Anche la nostra professione vive pienamente queste tensioni che, per certi versi sono simili ad alcune già vissute nel recente dopoguerra. Da una parte lo Stato, aiutato dalla Comunità Europea, decide di investire ingenti quantità di denaro nel mondo dell’edilizia mentre, allo stesso tempo, si scopre come quasi tutti gli attori coinvolti, pur auspicando da anni questo momento, siano assolutamente impreparati ad affrontarlo. I temi vanno dall’organizzazione, alle quantità di persone e addetti, alla burocrazia, alla disponibilità di materiali e attrezzature alla capacità di gestire, in tempi rapidi, procedimenti complessi.

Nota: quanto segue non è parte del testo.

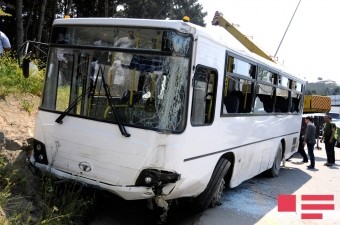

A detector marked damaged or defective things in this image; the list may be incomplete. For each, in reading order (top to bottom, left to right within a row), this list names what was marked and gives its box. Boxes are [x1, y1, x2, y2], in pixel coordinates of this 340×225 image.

Tutto questo mette in evidenza una dicotomia: da una parte potrebbe sembrare, perlomeno dal punto di vista del pensiero e della speculazione intellettuale, che ci troviamo davanti a un periodo potenzialmente rivoluzionario; dall’altra, sul piano del fare, sembrerebbe più opportuno lavorare nella logica della messa punto e miglioramento di modelli e procedure consolidati per muoversi su un terreno noto cercando di non perdere l’occasione e, specialmente, di contenere i danni.
Una parola sembra, nella sua molteplicità di sfaccettature, contenere queste diverse tensioni e sarà d’indirizzo alle prossime attività della Fondazione: manomissione. La parola ha tanti significati e, in architettura, è interessante constatare come siano quasi tutti pertinenti. Ecco il perché della scelta di intitolare Manomissioni, al plurale, il nuovo programma di FOA.GE. L’analisi di questi significati sarà la traccia su cui articolare e, allo stesso tempo, tenere insieme le attività che andremo a proporre.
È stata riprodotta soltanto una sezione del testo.